Back at work, Paul stopped in at the plant so see what the model makers were up to. A ten foot wooden model was taking shape on a long table in the cavernous hangars where, during World War II, P-38's had rolled off the production line.
By now, insiders were referring to the concept as The Diamond.
Someoneperhaps Ben Richwas calling it the Hopeless Diamond, in a twist on the name of arguably history's most famous diamond. Hadn't the Hope Diamond, like King Tut's tomb, killed everyone who'd gone near it? Paul wondered if the reversing of the name might imply a different fate for those near the Hopeless Diamond.
"She'll be ready to test tomorrow," one of the technicians told Paul.
Paul went away whooping, but he was full of butterflies.
Tomorrow would tell the tale!
That evening, Pete was suitably awed.
"We are ready to take our first test flight," Paul announced. "One little coat of primer, like so" (he walked around the flying saucer, which sat on a sawhorse in the back yard) "and she'll be dry by the time we finish supper."
Holding Marsha around the waist, and Pete by the hand on his other side, he walked to her house.
"I made meat loaf," she said. "You said it's your favorite."
They talked and laughed and ate.
The September sun was showing signs of going away a little earlier.
"We'd better get out there," Paul said wiping his mouth with a napkin.
"Yeahhhhhh!" Pete said, rushing to the door, and his yeah trailed out onto the lawn after him.
Marsha stood in Paul's back yard, arms folded, as Paul and Pete fired up the bird.
"Here," Paul said, handing her a tiny bottle of some cheap liqueur he'd picked up on impulse at the drugstore. "You have to christen her."
"Oh okay, what are we calling her?"
"Condor III," Pete yelled.
"Okay," Marsha said, "here goes. I dub thee Condor III." She tapped the bottle against the plane, and of course it didn't break. "What do I do now?"
"I don't know," Paul said. "It's supposed to break on the bow. The rule book isn't clear."
"That's for ships," Pete yelled. "This is a plane. You don't break bottles on planes. You fly the bottle and serve it to the passengers."
"That's it," Marsha said. She placed the bottle on top of the saucer.

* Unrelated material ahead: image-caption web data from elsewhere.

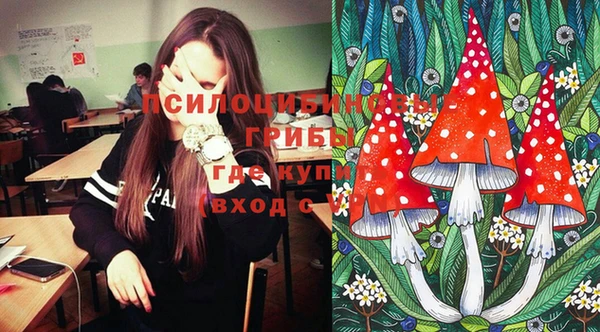 стафф Беломорск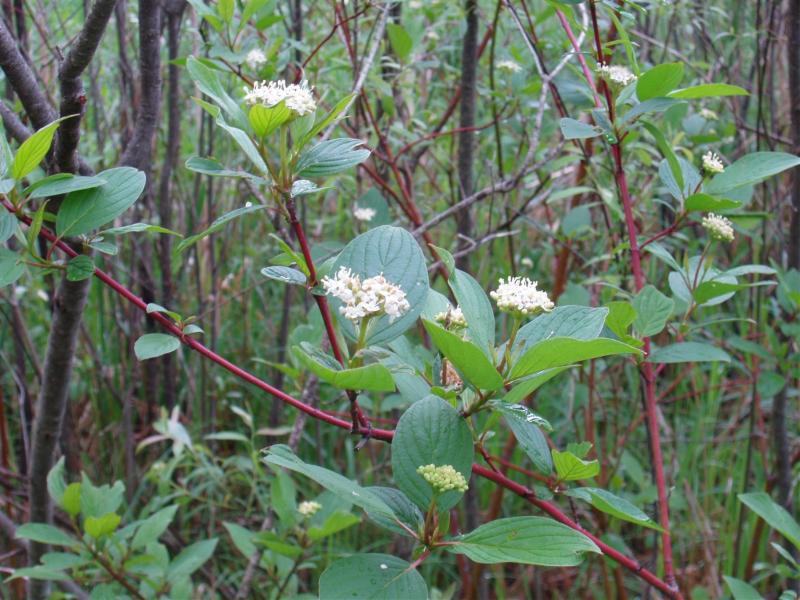 Native Plant of the Month: Red Osier Dogwood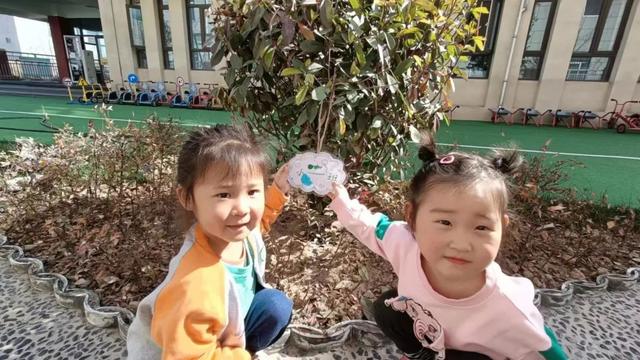 幼儿园小班植树节主题活动总结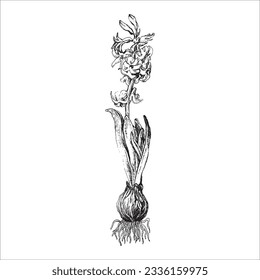 Vector handdrawn flower, Flower drawing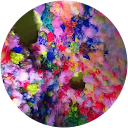 Jessica De Sanctis profile picture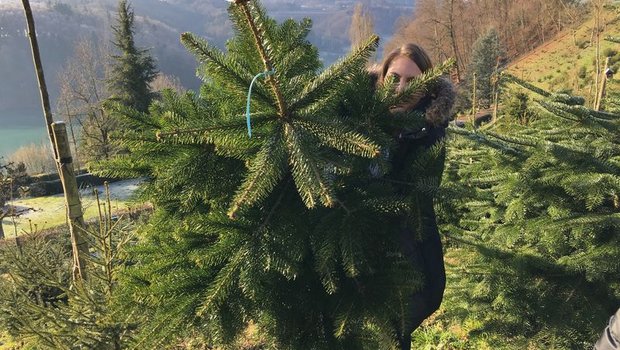 In diesem besonderen Jahr ist das Erlebnis beim Kauf eines Christbaums wichtiger denn je. (Bild Urs Sägesser)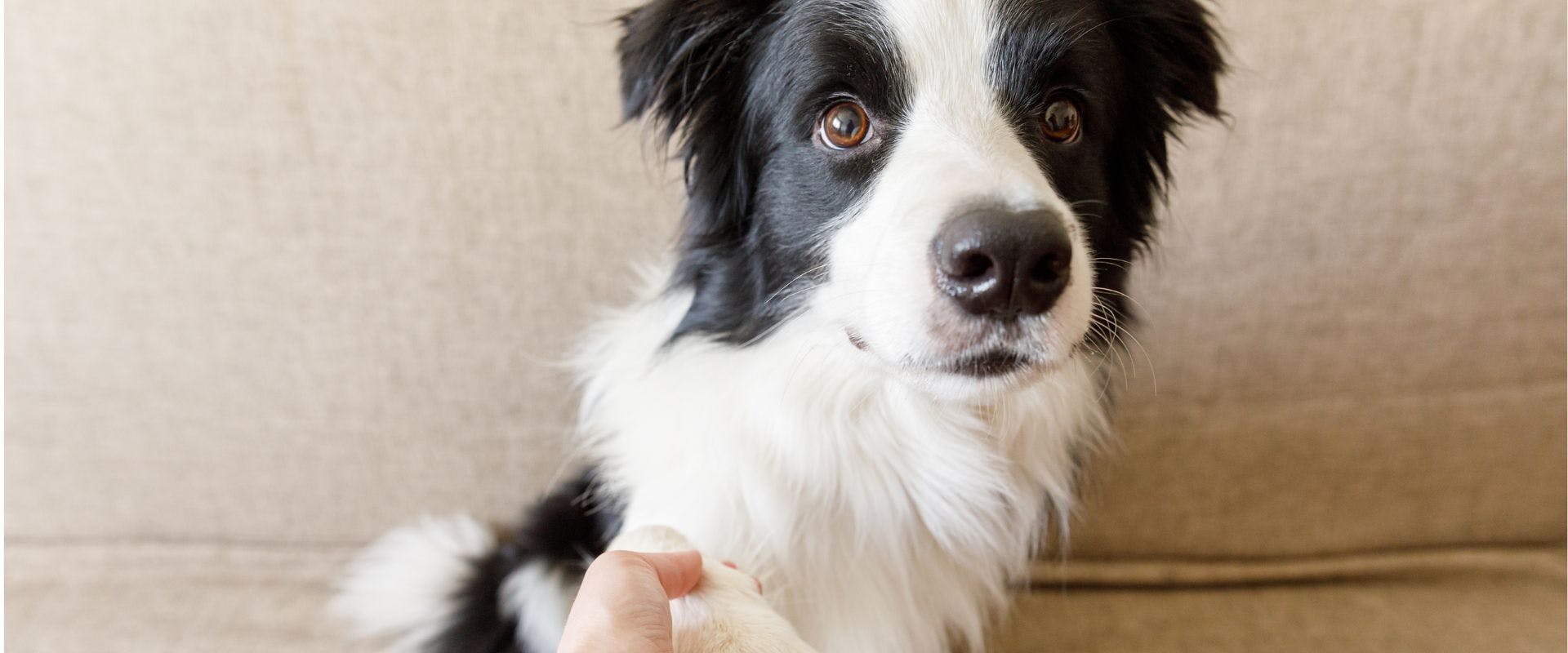 Border Collie doing paw trick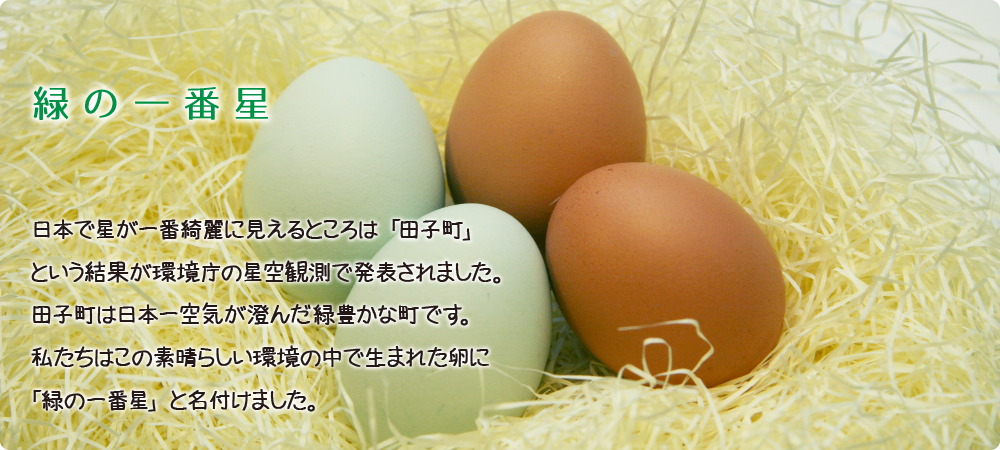 健康なたまごは健康な鶏から生まれます 田子たまご村 健康なたまごは健康な鶏から生まれます 田子たまご村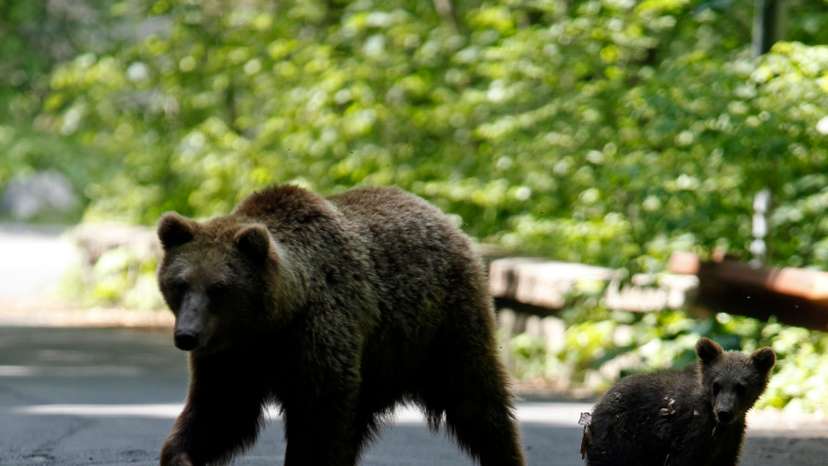 A brown bear and her cub play on the road in the outskirts of Sinaia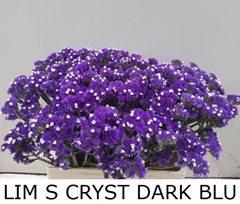 Limonium Sinuatum Crystal Dark Blue 60cm 30gr.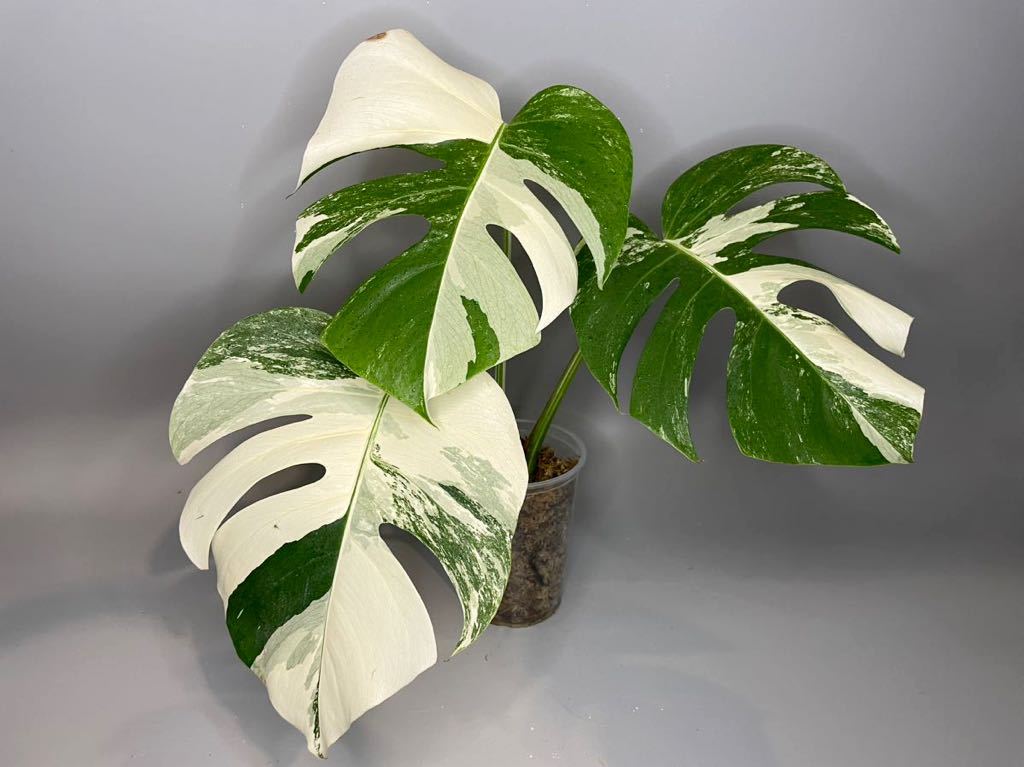 75 MONSTERA ALBO BORSIGIANA VARIEGATA 白斑モンステラ アルボ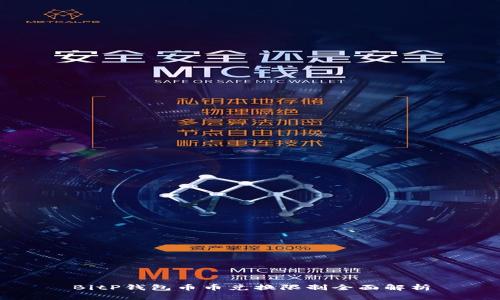 BitP钱包币币兑换限制全面解析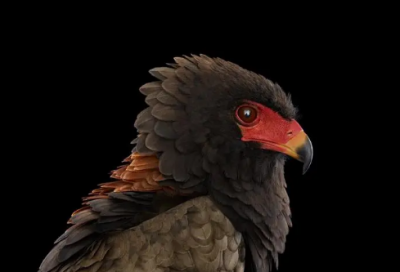 ​365个故事在线读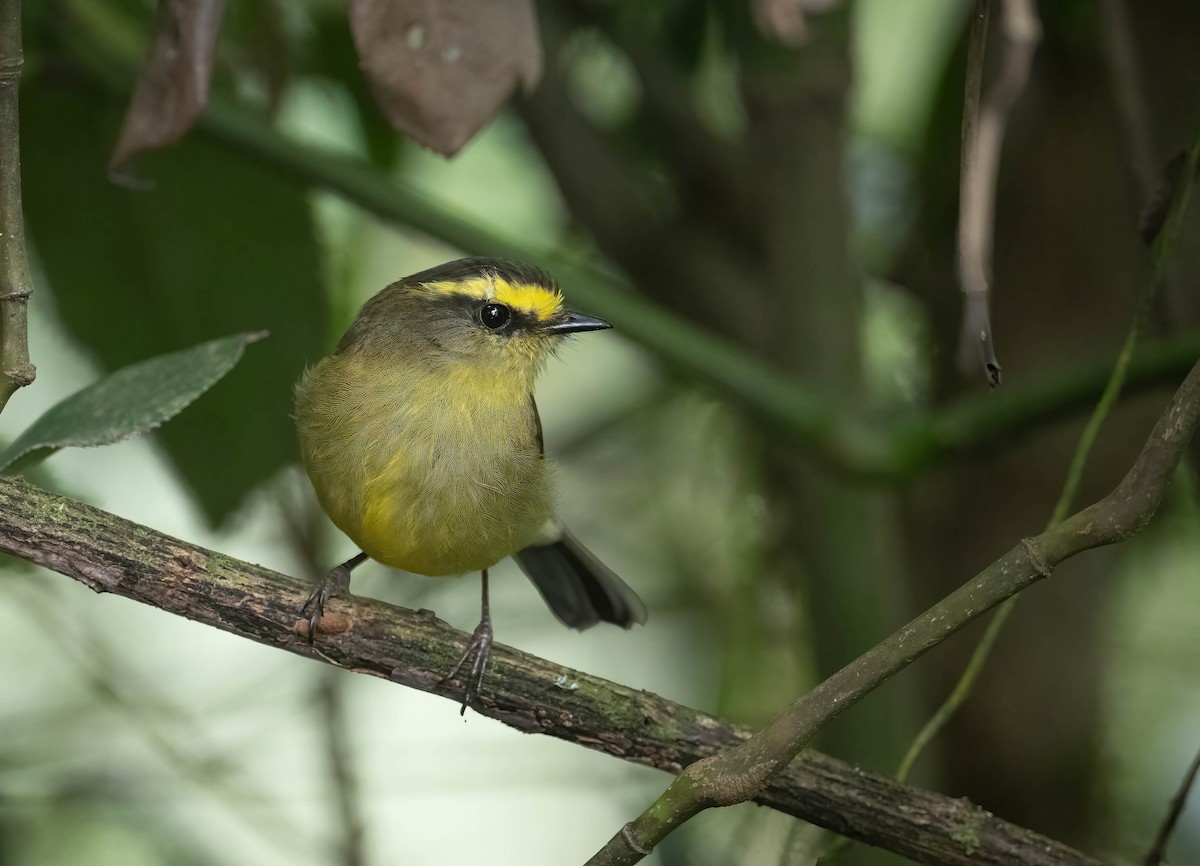 Yellow-bellied Chat-Tyrant - ML609434373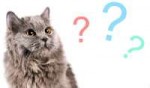 Cats-Question-Day.jpg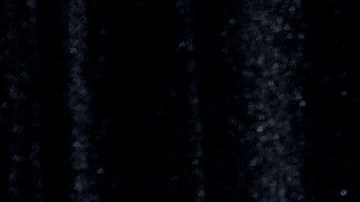 Peso Pluma protagoniza campaña de Yves Saint Laurent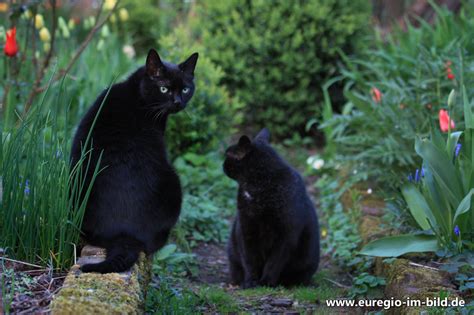 Katzen aus der nachbarschaft sind vielen gartenbesitzern ein ärgernis. Zwei schwarze Katzen im Garten - Euregio im Bild
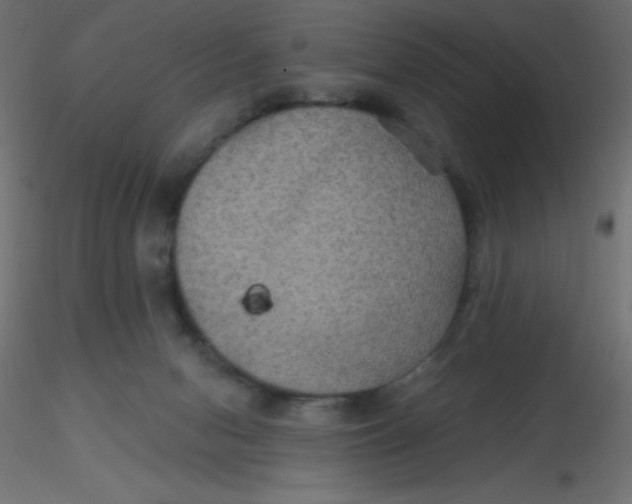 X0000116590078200912312045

Paul noticed a flash of light out of the corner of his eye, but ignored it in the excitement. "Good going." He shook Pete's hand. "Captain, take her aloft."
"Aye aye, matey!"
Pete delicately worked the controls. Condor III, a flying saucer a foot in diameter and about eight inches thick, slightly more rounded on top than on the bottom, lifted smoothly.
"Keep the controls together so they are all on the same power level." He wished now he'd built in more sophisticated controls.
But Condor III wasn't hard to fly at all, as long as one made changes slowly. She swung around a corner, and the little bottle fell off, lost forever in a mass of clover.
"Well," Marsha said, "there goes the passenger. He'll have to sleep it off."
Pete brought Condor III in to a smooth landing. They refueled the three cells and sent her up. This time Pete took her up to rooftop level.
"Careful," Marsha said.
"As long there isn't a wind gust," Paul said.
But Pete brought her back down without any trouble. "She flies like a dream."
"She's all yours."
Marsha kissed Paul.
Across the street, somewhere, a car pulled out and drove off, its headlights stabbing the road ahead of it.